◆ **Task prompt**
Your answer must be an exact copy of the entries below, with no pictures in it.

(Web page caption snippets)
★ ★ ★ ★

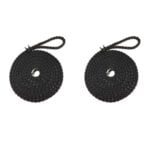 2 x 10mm Black 8 Strand Nylon Mooring Ropes 8 Inch Soft Eye x 10 Metres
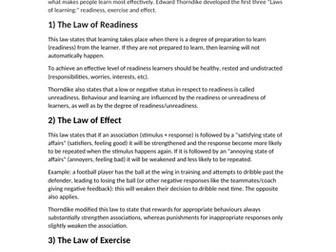 3.3.2 Thorndike's Laws of Learning (A level PE for Edexcel)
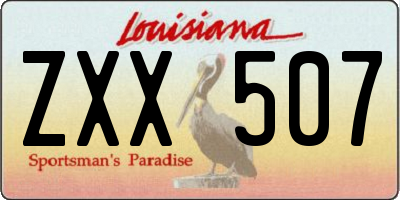 LA license plate ZXX507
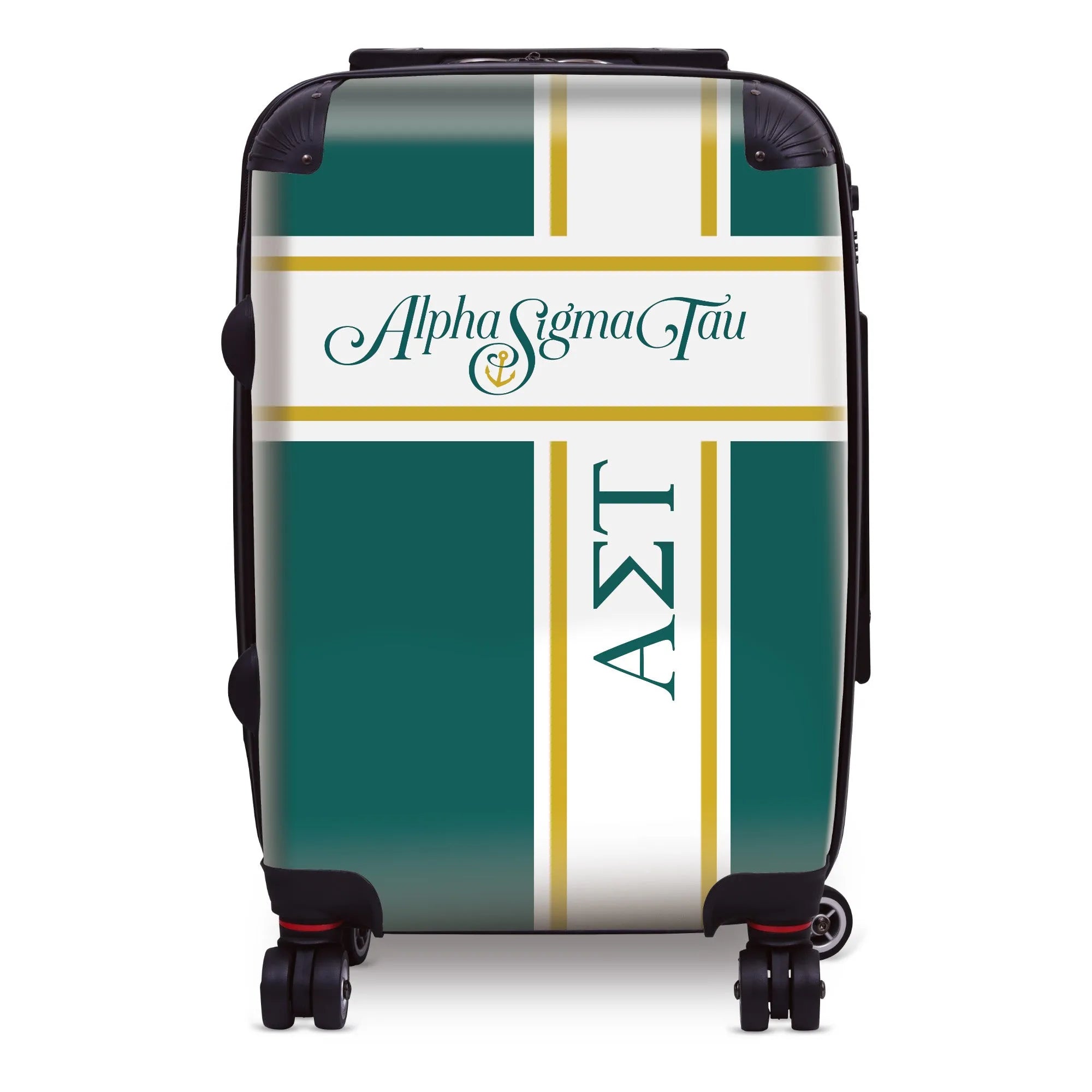 Alpha Sigma Tau 20" Carry-on Suitcase Luggage - Cross Stripe | Gifts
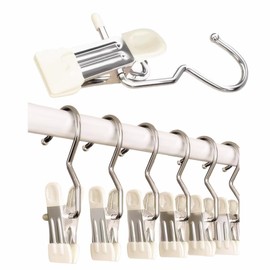 Brostown 10/30/50Pcs Space-Saving Clothespin, Upgrade Double Head Clamp Dipped Hanger for Closet Hooks Garment Clip Hat Pants Storage Hanging Travel Hook (White, 10PCS)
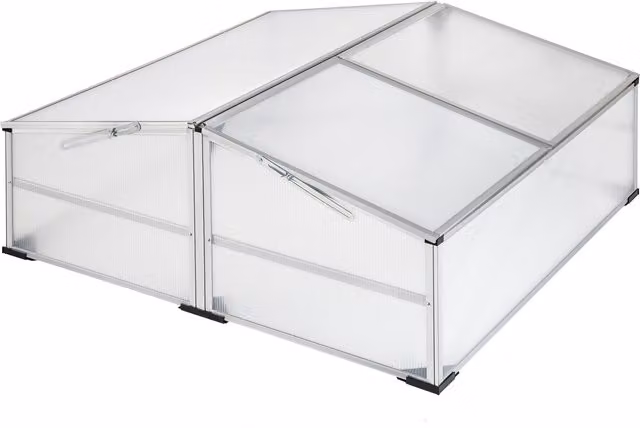 tectake Aluminium Garden Cold Frame with Lockable Polycarbonate Roof in White and Transparent
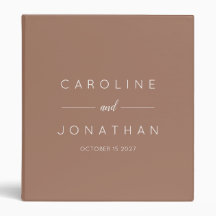 Modern Minimalist Script Custom Wedding Warm Mocha
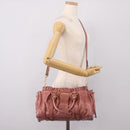 Miu Miu Hand Bag Leather 2way Pink Gold Auth yk20995SAM-24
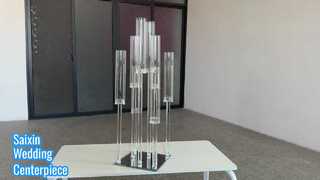 工場直接安価な 8 アームクリスタルキャンドルサイド結婚式のセンターピーステーブル装飾用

★ ★ ★ ★

◆ **Solution to the problem**
 2 x 10mm Black 8 Strand Nylon Mooring Ropes 8 Inch Soft Eye x 10 Metres
 3.3.2 Thorndike's Laws of Learning (A level PE for Edexcel)
 LA license plate ZXX507
 Alpha Sigma Tau 20" Carry-on Suitcase Luggage - Cross Stripe | Gifts
 Brostown 10/30/50Pcs Space-Saving Clothespin, Upgrade Double Head Clamp Dipped Hanger for Closet Hooks Garment Clip Hat Pants Storage Hanging Travel Hook (White, 10PCS)
 tectake Aluminium Garden Cold Frame with Lockable Polycarbonate Roof in White and Transparent
 Modern Minimalist Script Custom Wedding Warm Mocha
 Miu Miu Hand Bag Leather 2way Pink Gold Auth yk20995SAM-24
 工場直接安価な 8 アームクリスタルキャンドルサイド結婚式のセンターピーステーブル装飾用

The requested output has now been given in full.